EXERCISE REQUIREMENTS: Where the data below begins, start retyping exactly, and end on the line with "Bobcat Colors What", which is included; no picture goes in.
─── PROVIDED RECORDS
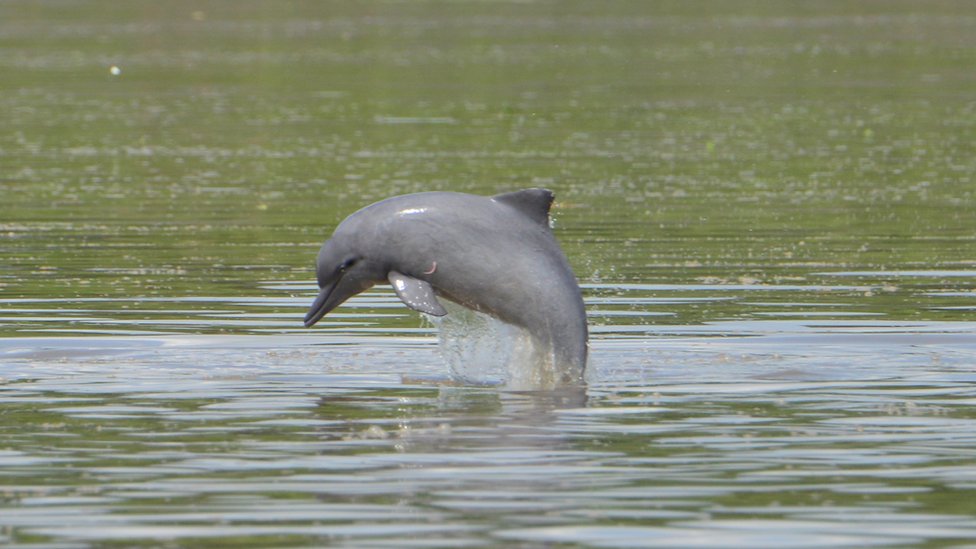 The tucuxi dolphin
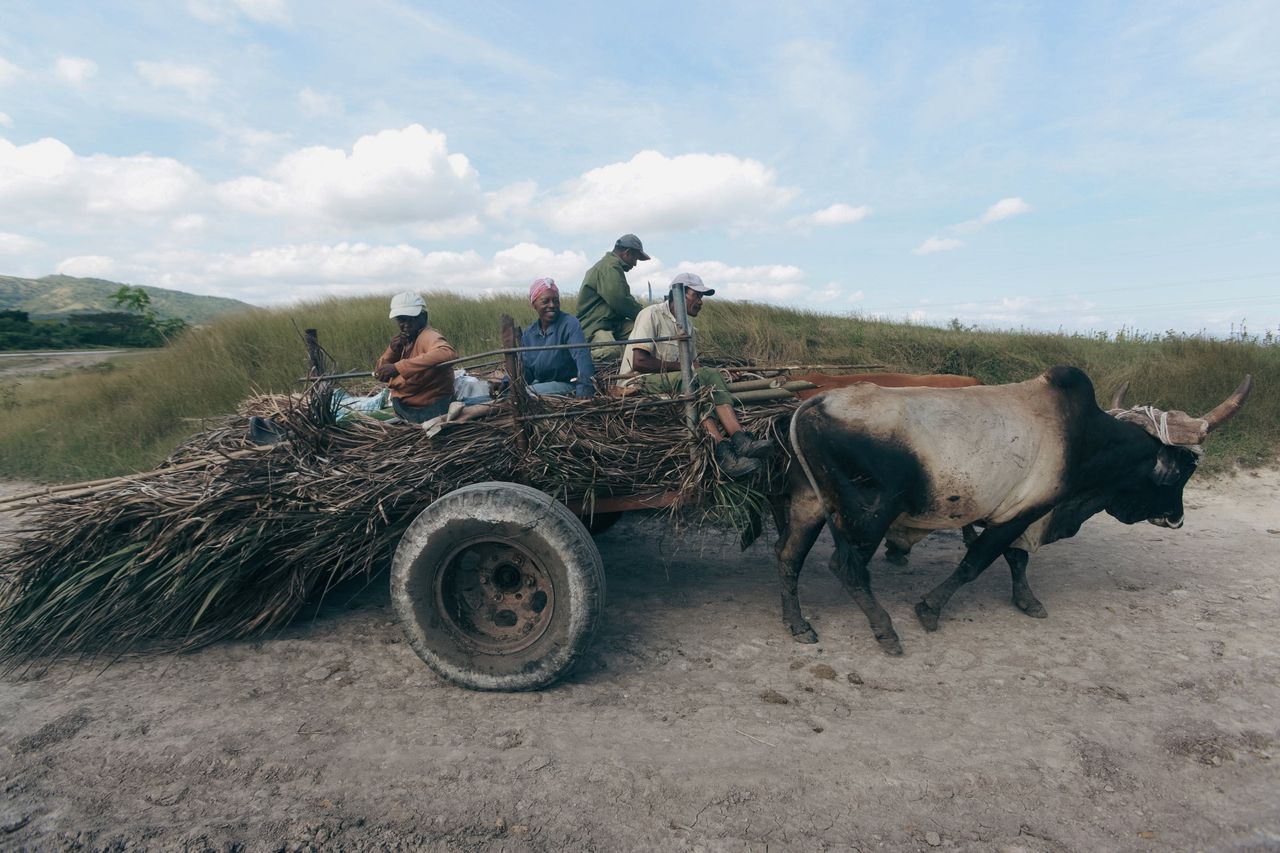 Mondulkiri Farm Immersion & the Mekong — Cambodia tour package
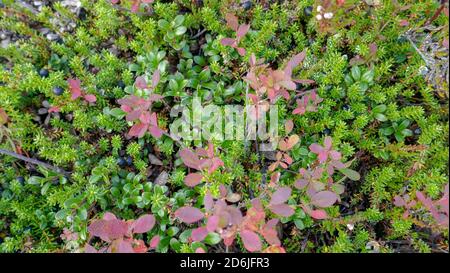 The stunning nature of the Russian north. Tundra, Murmansk region. Magnificent autumn in Monchegorsk Stock Photo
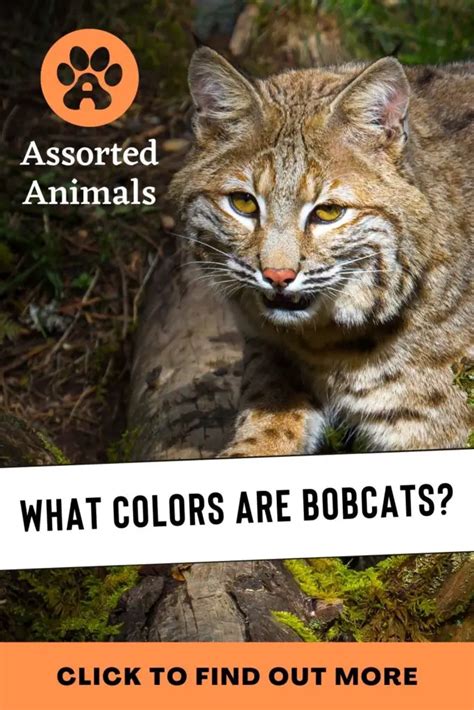 Bobcat Colors What Colors Are Bobcats Assorted Animals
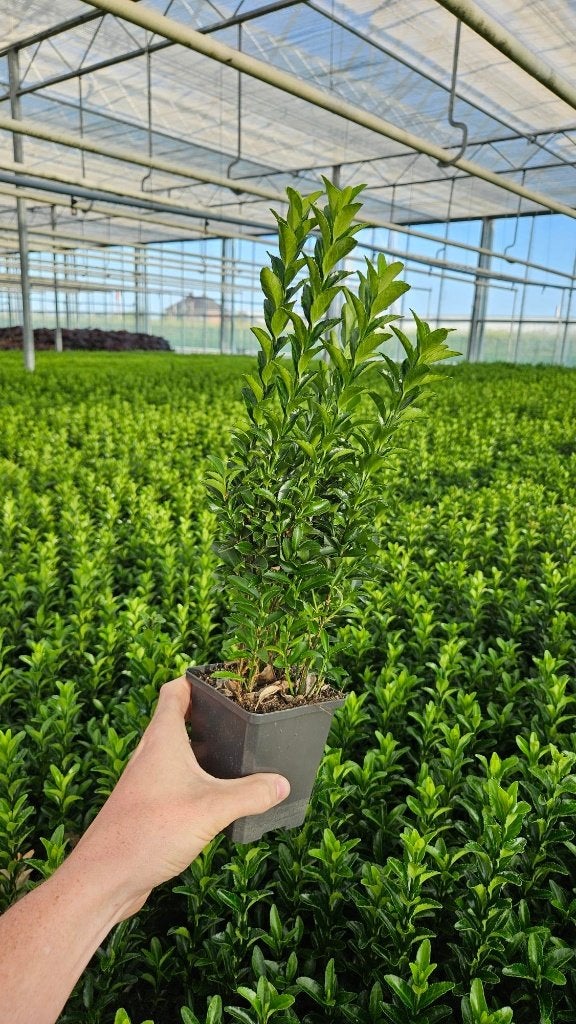 Euonymus Green Spire - haagplant - buxus vervanger goedkoop, Ophalen of Verzenden, Overige soorten, Haag, Minder dan 100 cm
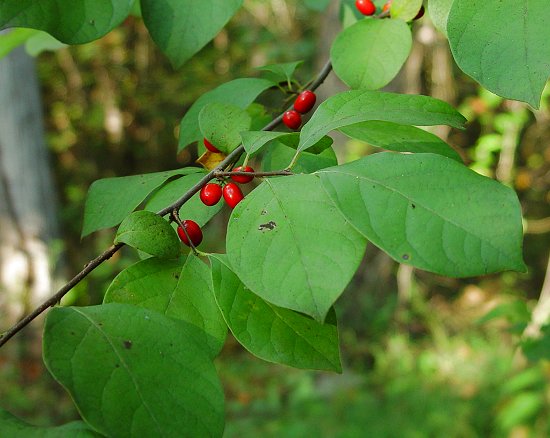 Lindera_benzoin_fruiting_plant.jpg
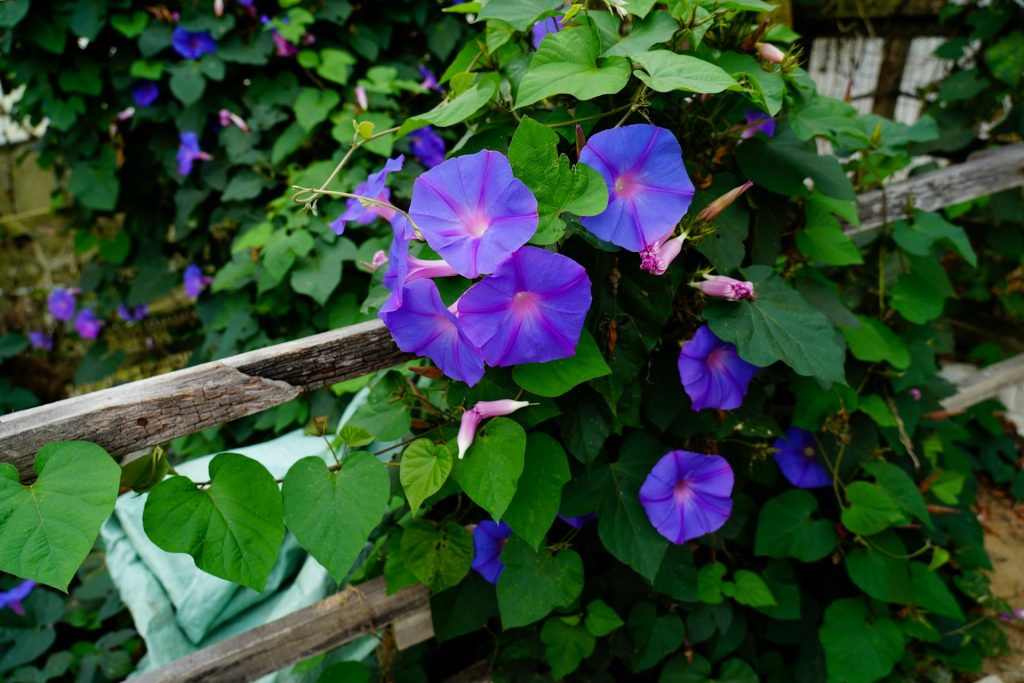 Morning Glories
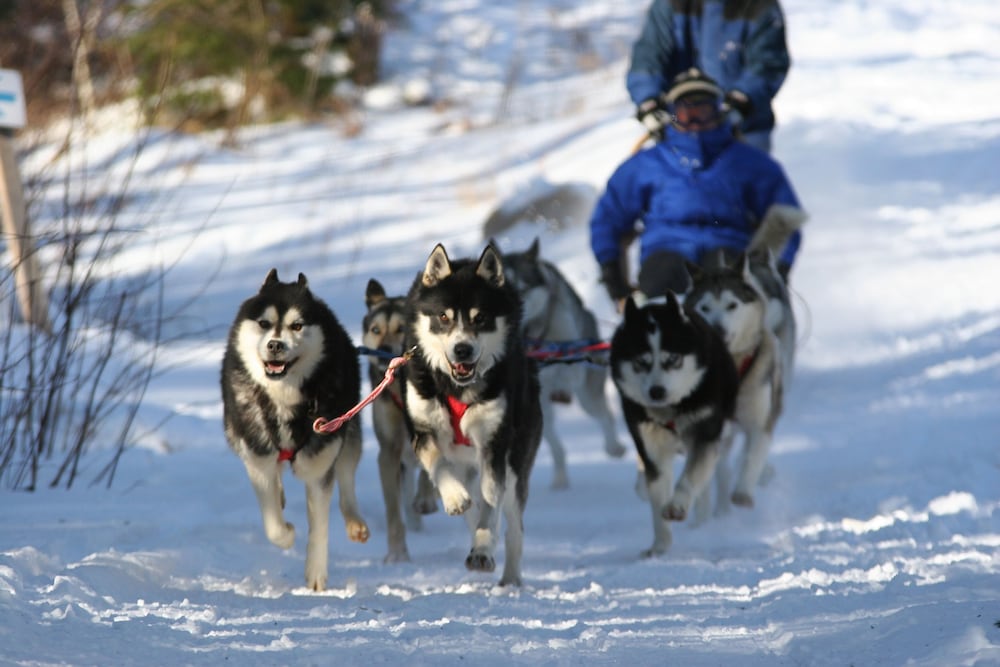 Фото Auberge du Lac Taureau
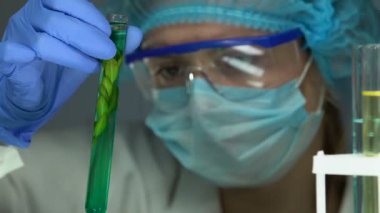 Biologist tüp bitki örnek bakarak, Tablet PC araştırma sonucu yazarak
──────
TASK OUTPUT:
 The tucuxi dolphin
 Mondulkiri Farm Immersion & the Mekong — Cambodia tour package
 The stunning nature of the Russian north. Tundra, Murmansk region. Magnificent autumn in Monchegorsk Stock Photo
 Bobcat Colors What Colors Are Bobcats Assorted Animals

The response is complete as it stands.